After restrictions on women in combat are lifted in January, military officials estimate it will take up to two years before women actually will be "recruited, accessed, trained, tested and assigned" to some of the roughly 245,000 jobs now legally closed to them, according to a new Government Accountability Office report.

The GAO said the Pentagon should develop long-term plans to oversee the integration of women in combat after the official policy change in 2016.

The GAO study of the Defense Department's plans for opening all combat jobs to women comes as the deadline looms for the military's top brass to decide whether to eliminate all gender restrictions or offer a good reason not to do that by requesting a formal waiver to the forcewide policy.

Defense Secretary Ash Carter will have to approve any exemptions.

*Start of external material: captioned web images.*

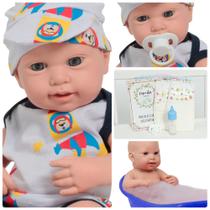 Boneco Reborn Realista Masculino Carequinha 100% Vinil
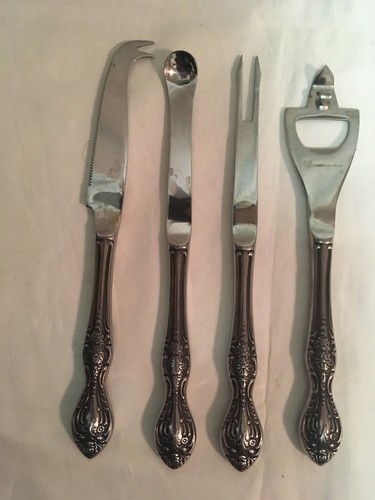 Vintage 4 Pc Stainless Barwear Set - Picture 2 of 5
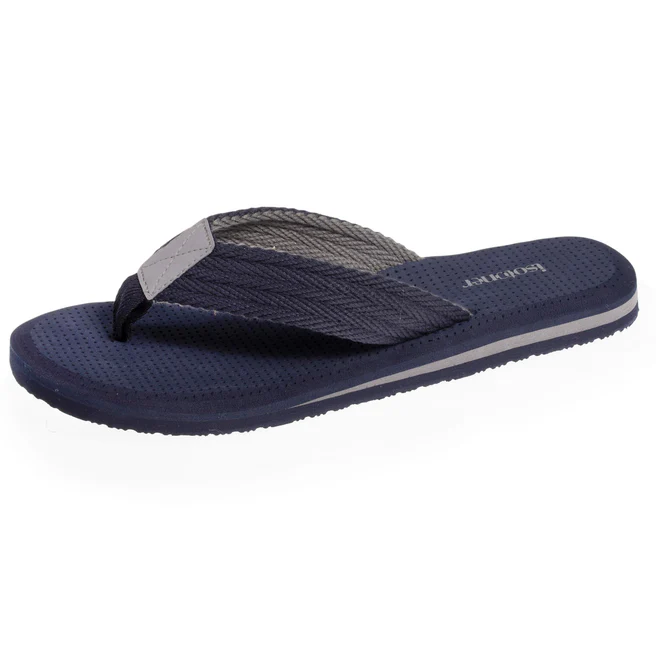 Tongs homme tige corde ISOTONER 96376 - Marine Gris AFU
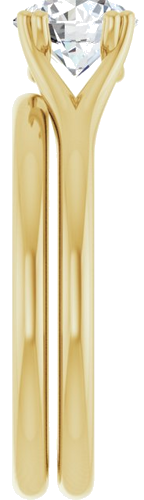 Sužadėtuvių Žiedas „Twin-Prong Woven Solitaire“ 585 Geltonojo Aukso Round 6.5mm (9)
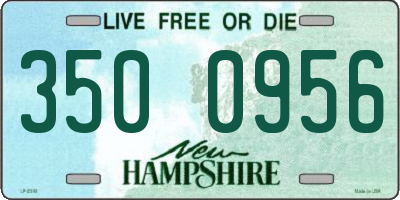 NH license plate 3500956
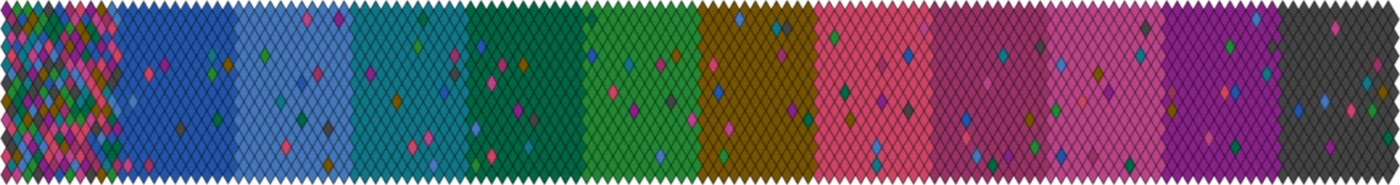 Diagnostic map in dark scheme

DoD's Office of Personnel and Readiness has kept a close watch on the service-specific efforts to study the issue and prepare for the official change to military policy. But top Pentagon civilian leaders have no plans for monitoring the services' followup implementation during the next several years, according to the GAO.

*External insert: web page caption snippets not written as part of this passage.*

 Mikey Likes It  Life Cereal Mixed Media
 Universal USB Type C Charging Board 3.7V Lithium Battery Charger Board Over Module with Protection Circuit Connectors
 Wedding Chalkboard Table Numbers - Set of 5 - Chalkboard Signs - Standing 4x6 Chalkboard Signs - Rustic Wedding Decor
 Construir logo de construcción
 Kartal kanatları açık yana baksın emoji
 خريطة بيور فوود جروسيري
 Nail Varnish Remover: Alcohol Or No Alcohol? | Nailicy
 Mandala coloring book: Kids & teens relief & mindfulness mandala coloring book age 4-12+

"Without ongoing monitoring of the services' and [Special Operations Command's] implementation progress in integrating previously closed positions and occupations, it will be difficult for DoD to have visibility over the extent to which the services and SOCOM are overcoming potential obstacles to integration," the report stated.

In addition, a lack of monitoring will leave DoD without enough information to give to Congress about progress on the issue, the GAO said.

In response to the report, the Pentagon agreed with the GAO's recommendation that top officials should keep a close eye on the changes after 2016.

"We recognize the importance of monitoring the long-term implementation progress of expanding combat service opportunities for women," Juliet Beyler wrote in a July 10 letter to the GAO.

Timelines for the initial implementation process will vary by service and military occupation, "but typically may require less than half a year to almost two years to complete the training part of the implementation process," Pentagon officials told the GAO.

It's been more than two years since then-Defense Secretary Leon Panetta set in motion plans to change the longstanding rule that technically excludes women from serving in combat roles — more than 300,000 jobs in all, many of them in Army and Marine Corps infantry and armor units.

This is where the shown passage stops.